Bullock v. Berrien

Summarized by:

  • Court: 9th Circuit Court of Appeals Archives
  • Area(s) of Law: Civil Procedure
  • Date Filed: 07-30-2012
  • Case #: 10-55866
  • Judge(s)/Court Below: Circuit Judge Fletcher for the Court; Chief Judge Kozinski and Circuit Judge Reinhardt
  • Full Text Opinion

A federal employee exhausts administrative remedies when asserting discrimination claims under the Rehabilitation Act by (1) first filing an informal complaint, (2) filing a formal complaint for a decision by an ALJ if an informal solution is not achieved, and (3) filing an optional civil action in “federal district court within 90 days of receiving notice of final agency action on the employee’s formal complaint by the ALJ” or after 180 days “from the filing of the complaint if no final action has been taken by that time”.

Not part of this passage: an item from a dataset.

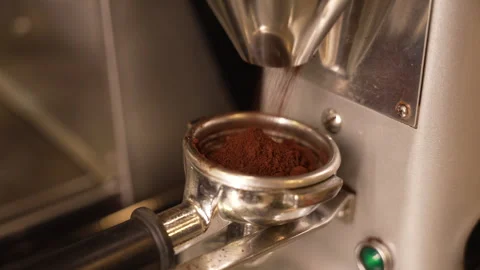 Coffee grinder dispensing freshly ground coffee beans into a metal portafilter Stock-Footage 333584000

Mary Bullock, an employee of the Equal Employment Opportunity Commission (“EEOC”), brought a disability of discrimination suit under the Rehabilitation Act of 1973, 29 U.S.C. § 701. Bullock suffers from “Multiple Sclerosis and Systemic Lupus” and worked for the EEOC as an ALJ. Bullock first filed an informal complaint for violations of the “Rehabilitation Act.” In May 2003, she filed a formal complaint. A contract ALJ held the hearing and found that Bullock was “not a qualified individual with a disability” because even with accommodation, she would not perform “the essential functions of her job”. Bullock then filed an administrative appeal on August 18, 2006 but withdrew her appeal on September 18, 2006, because she intended to file a civil suit. On October 18, 2006, Bullock filed suit in district court. Bullock appeals the district court dismissal of her complaint for failing to exhaust administrative remedies. Under Rivera v. United Sates Postal Service, the district court held that Bullock had violated 29 C.F.R. § 1614.407(d) because she did not wait 180 days after her administrative appeal before filing suit. The Ninth Circuit held that, under Bankston v. White, Bullock had exhausted her administrative remedies by filing the formal complaint that was adjudicated by the ALJ. After the final agency action was taken on her complaint, Bullock had the option of either “filing an administrative appeal” or filing suit directly in district court within “90 days of receiving notice of the agency action”. The Ninth Circuit held that an employee has the option of withdrawing an optional administrative appeal if she is going to file suit in district court without waiting “180 days from the filing of the notice appeal”. The Ninth Circuit further held that an employee’s suit in district court could proceed even if the employee withdrew her administrative appeal. REVERESED AND REMANDED.